Forschung

•   Instruction-based Learning

Volitional control of action allows for the flexible selection of the one behavior that appears most appropriate in the current situation. To behave “appropriately” poses several challenges to an organism, depending on its learning history. If the goal is known (e.g. to have a coffee), but the means to achieve this goal in the current situation are unknown, it is crucial to figure out what the “correct” action is and to avoid errors. This can be sovlved via trial-and-error learning which relies on evaluating retrospectively whether an action performed under certain stimulus conditions yielded desirable outcomes. By contrast, exploiting our highly developed communication skills humans can use explicit instructions as an acquisition shortcut specifying prospectively how to yield intended outcomes under the appropriate stimulus conditions (e.g., by consulting the operating instructions of the coffee maker or by observing someone else demonstrating the operation of the machine). The central aim of this project is to advance our surprisingly limited knowledge of the neurocognitive mechanism underlying the instruction-based acquisition of novel goal-directed behaviors. This research is supported by a DFG-grant of Hannes Ruge and Uta Wolfensteller (SFB940 project A2).

• Action Control

The question how (and why) people act in a goal-oriented manner is one of the core questions in psychology. We explore this question focusing on fundamental associational learning mechanisms as well as competition resolution mechanisms.

Learning Mechanisms

A fundamental prerequisite of goal-oriented behavior is to correctly recognize associations between events, for instance, between a certain action (pressing a green button) in a certain context (the coffee maker in the cafeteria) and a certain subsequent event (coffee). What is remarkable is that people are extremely fast in learning such associations between events. By means of functional magnetic resonance imaging (fMRI), one main goal of the project is to elucidate the brain mechanisms that underlie the rapid learning of such associations and are hence fundamental to goal-directed behaviour. What is special about learning the type of associations that ultimately enable goal-oriented behaviour, compared to learning associations allowing stimulus-driven behaviour, or event anticipation lacking implications for one’s own behaviour? Different variations of the experimental paradigm will provide insight not only regarding whether (i.e., under which circumstances) and how rapid learning is implemented in the brain, but also whether and how learnt associations are translated into assumptions and expectations in the context of goal-directed behavior. This research is supported by a DFG-grant of Hannes Ruge and Uta Wolfensteller (RU 1539/2-1 and SFB940 project A2).

Competition Resolution

Another crucial aspect of volitional control pertains to the fact, that in virtually any situation we can choose among a bunch of different actions, each of which has successfully served to yield different goals in the past (just imagine the numerous goals you could pursue by different uses of a kitchen knife). There is rarely one single correct action in a given situation and the goal to simply “take the correct action” is obviously underspecified unless a specific goal is determined. Thus, in this case, volitional control means selecting the action that has previously served to achieve specifically the currently pursued goal. Importantly, action selection is typically not only challenged due to competing goals or competing action-goal associations, but also due to directly stimulus-induced action tendencies that may override any goal-directed choices. It is therefore crucial to examine goal-directed action control in direct contrast to stimulus-bound control and to consider possible variables that may shift the balance between these competing influences on choice behavior. This research is supported by a DFG-grant of Hannes Ruge and Uta Wolfensteller (SFB940 project A2).
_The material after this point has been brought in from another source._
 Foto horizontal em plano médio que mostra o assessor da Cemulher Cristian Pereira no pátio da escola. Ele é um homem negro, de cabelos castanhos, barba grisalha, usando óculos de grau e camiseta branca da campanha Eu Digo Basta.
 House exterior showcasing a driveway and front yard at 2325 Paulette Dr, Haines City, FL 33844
•   Preparatory control in task switching

Human behavior is flexible in that it is organized according to the anticipated future consequences of action (i.e., goals) rather than merely reacting upon current sensory inputs (see project ‘action control’). Another variety of behavioral flexibility is that goals can be adjusted and switched momentarily. This ability has been extensively examined within the task switching paradigm. Using fMRI and EEG methodologies, we have been interested in characterizing the multi-facetted nature of preparatory processes in anticipation of implementing a changed task goal.

• Fmri Design & Analysis

FMRI-based mental chronometry

Mental processes naturally evolve across time both serially and in parallel. An important endeavor tightly linked to the classical notion of mental chronometry therefore is to determine the flow of information processing that transforms sensory inputs into high-order mental representations and overt behavior. Due to the slow evolution of event-related hemodynamic responses fMRI-based mental chronometry has been notoriously difficult. This project attempts to recover temporal process information by extracting BOLD response timing parameters associated with the experimentally controlled temporal structure of successive events. Currently, this approach is used to evaluate the impact of random vs. blocked foreperiods in forced-choice and task switching paradigms. Furthermore we explore the challenges and potential benefits of sub-second whole brain acquisition of functional MRI data for fMRI-based mental chronometry.

Utilization and development of advanced analysis methods.

• Large-scale pattern classification.
• Global functional network analysis.
• EEG-informed FMRI-based mental chronometry using simultanenous EEG-FMRI acquistion. 

This research is supported by a DFG-grant of Hannes Ruge and Michael Marxen (SFB940 project Z2).